[net-next PATCH 00/14] lockless qdisc series

I'm forwarding this sort of stuff 'cause I keep hoping to find more
optimizations for cake, and it really seems like cheap multicores have
grown very common.

> This series adds support for building lockless qdiscs. This is
> the result of noticing the qdisc lock is a common hot-spot in
> perf analysis of the Linux network stack, especially when testing
> with high packet per second rates. However, nothing is free and
> most qdiscs rely on the qdisc lock for their data structures so
> each qdisc must be converted on a case by case basis. In this
> series, to kick things off, we make pfifo_fast, mq, and mqprio
> lockless. Follow up series can address additional qdiscs as needed.
> For example sch_tbf might be useful. To allow this the lockless
> design is an opt-in flag. In some future utopia we convert all
> qdiscs and we get to drop this case analysis, but in order to
> make progress we live in the real-world.
> There are also a handful of optimizations I have behind this
> series and a few code cleanups that I couldn't figure out how
> to fit neatly into this series with out increasing the patch
> count. Once this is in additional patches can address this. The
> most notable is in skb_dequeue we can push the consumer lock
> out a bit and consume multiple skbs off the skb_array in pfifo
> fast per iteration. Ideally we could push arrays of packets at
> drivers as well but we would need the infrastructure for this.
> The other notable improvement is to do less locking in the
> overrun cases where bad tx queue list and gso_skb are being
> hit. Although, nice in theory in practice this is the error
> case and I haven't found a benchmark where this matters yet.
> For testing...
> My first test case uses multiple containers (via cilium) where
> multiple client containers use 'wrk' to benchmark connections with
> a server container running lighttpd.

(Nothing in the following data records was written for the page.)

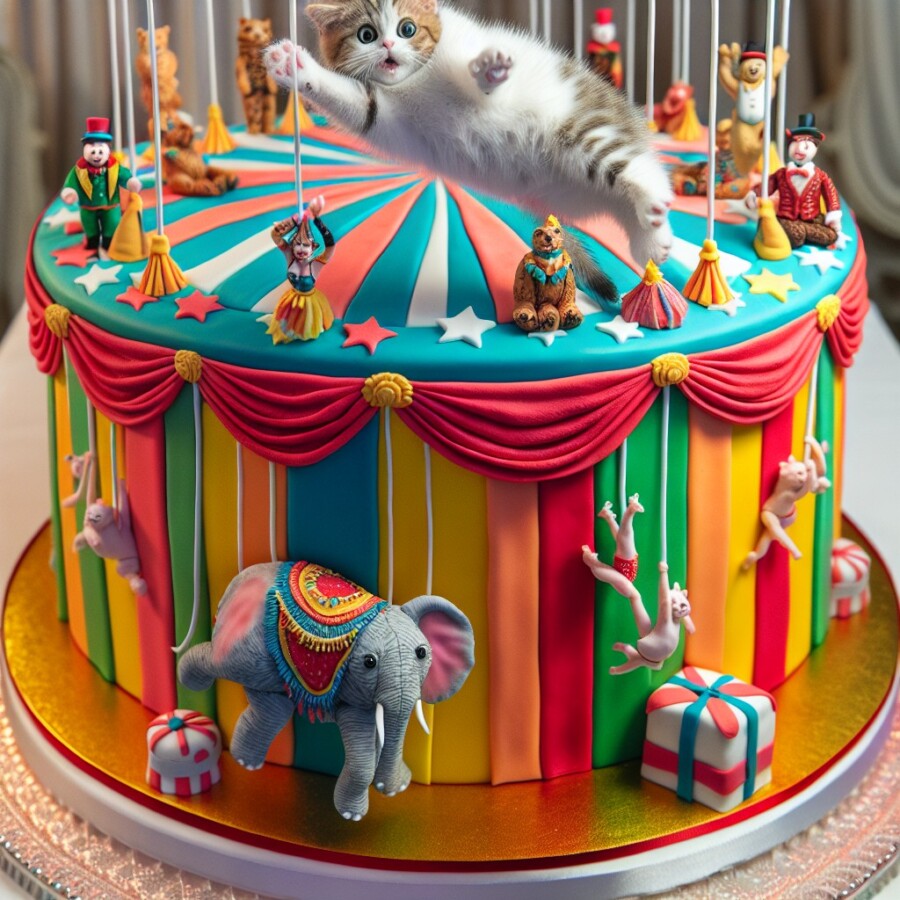 Silly Sally's interactive circus cake, complete with a mischievous kitten, wins The Great Cake Contest.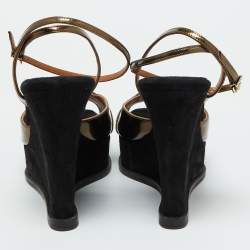 Fendi Brown Patent Leather and Suede Fendista Platform Wedge Sandals Size 40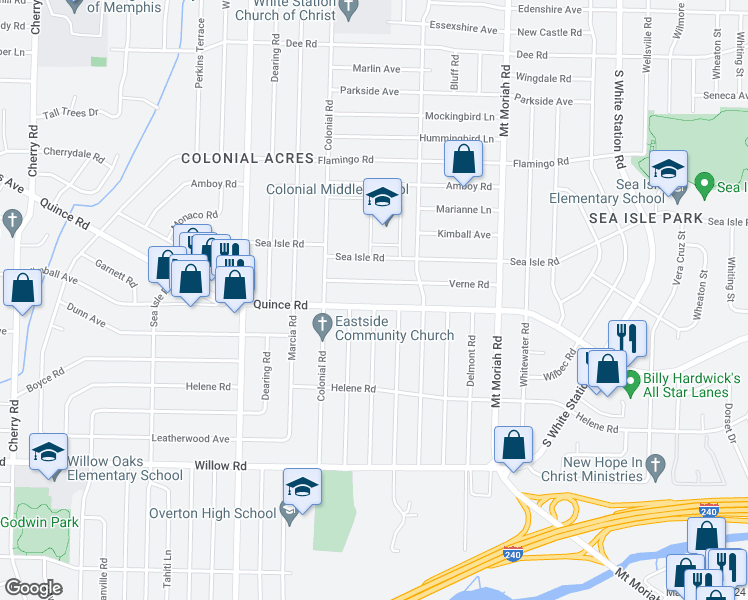 map of restaurants, bars, coffee shops, grocery stores, and more near 4820 Quince Road in Memphis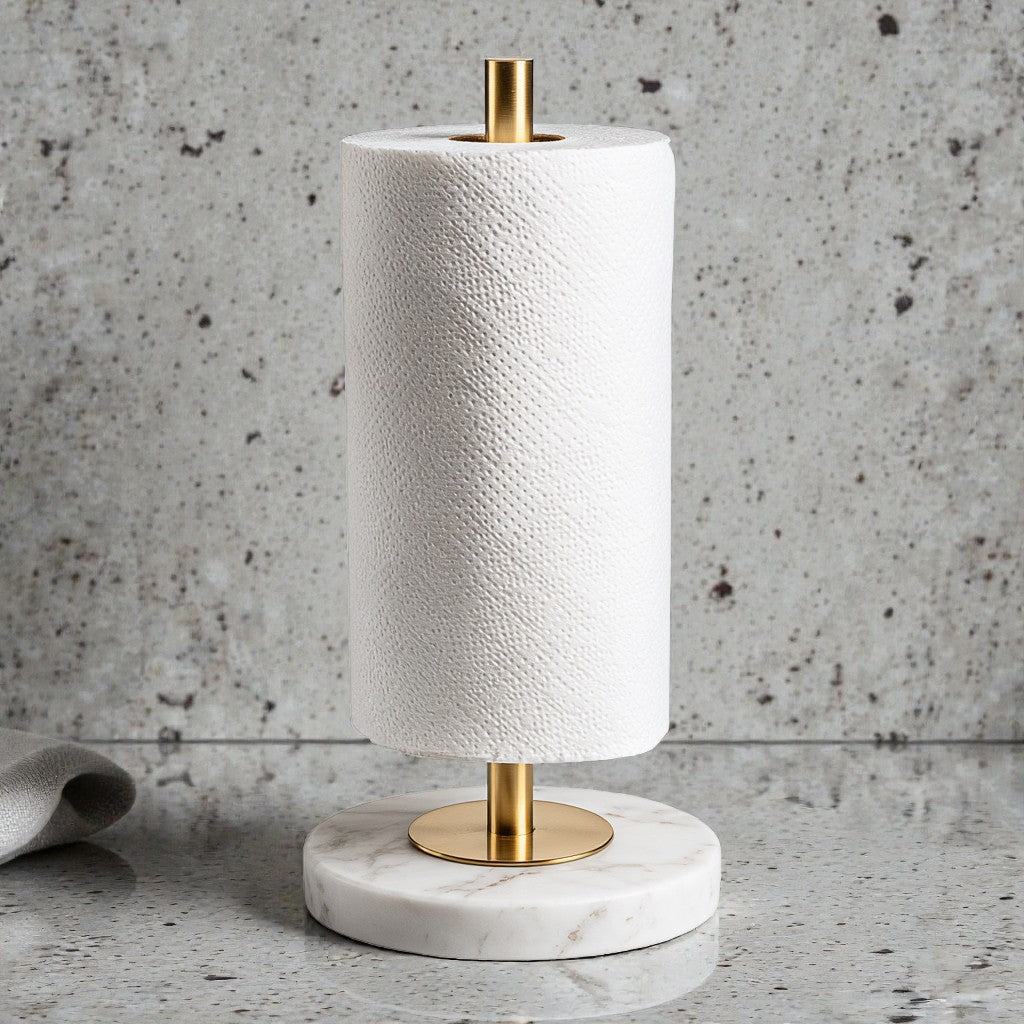 Estavia Marble Base Paper Towel Holder - Gold & White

Where lighttpd is configured
> to use multiple threads, one per core. Additionally this test has
> a proxy agent running so all traffic takes an extra hop through a
> proxy container. In these cases each TCP packet traverses the egress
> qdisc layer at least four times and the ingress qdisc layer an
> additional four times. This makes for a good stress test IMO, perf
> details below.
> The other micro-benchmark I run is injecting packets directly into
> qdisc layer using pktgen. This uses the benchmark script,
>  ./pktgen_bench_xmit_mode_queue_xmit.sh
> Benchmarks taken in two cases, "base" running latest net-next no
> changes to qdisc layer and "qdisc" tests run with qdisc lockless
> updates. Numbers reported in req/sec. All virtual 'veth' devices
> run with pfifo_fast in the qdisc test case.
> `wrk -t16 -c $conns -d30 "http://[$SERVER_IP4]:80"`
> conns    16      32     64   1024
> -----------------------------------------------
> base:   18831  20201  21393  29151
> qdisc:  19309  21063  23899  29265
> notice in all cases we see performance improvement when running
> with qdisc case.
> Microbenchmarks using pktgen are as follows,
> `pktgen_bench_xmit_mode_queue_xmit.sh -t 1 -i eth2 -c 20000000
> base(mq):          2.1Mpps
> base(pfifo_fast):  2.1Mpps
> qdisc(mq):         2.6Mpps
> qdisc(pfifo_fast): 2.6Mpps
> notice numbers are the same for mq and pfifo_fast because only
> testing a single thread here. In both tests we see a nice bump
> in performance gain. The key with 'mq' is it is already per
> txq ring so contention is minimal in the above cases. Qdiscs
> such as tbf or htb which have more contention will likely show
> larger gains when/if lockless versions are implemented.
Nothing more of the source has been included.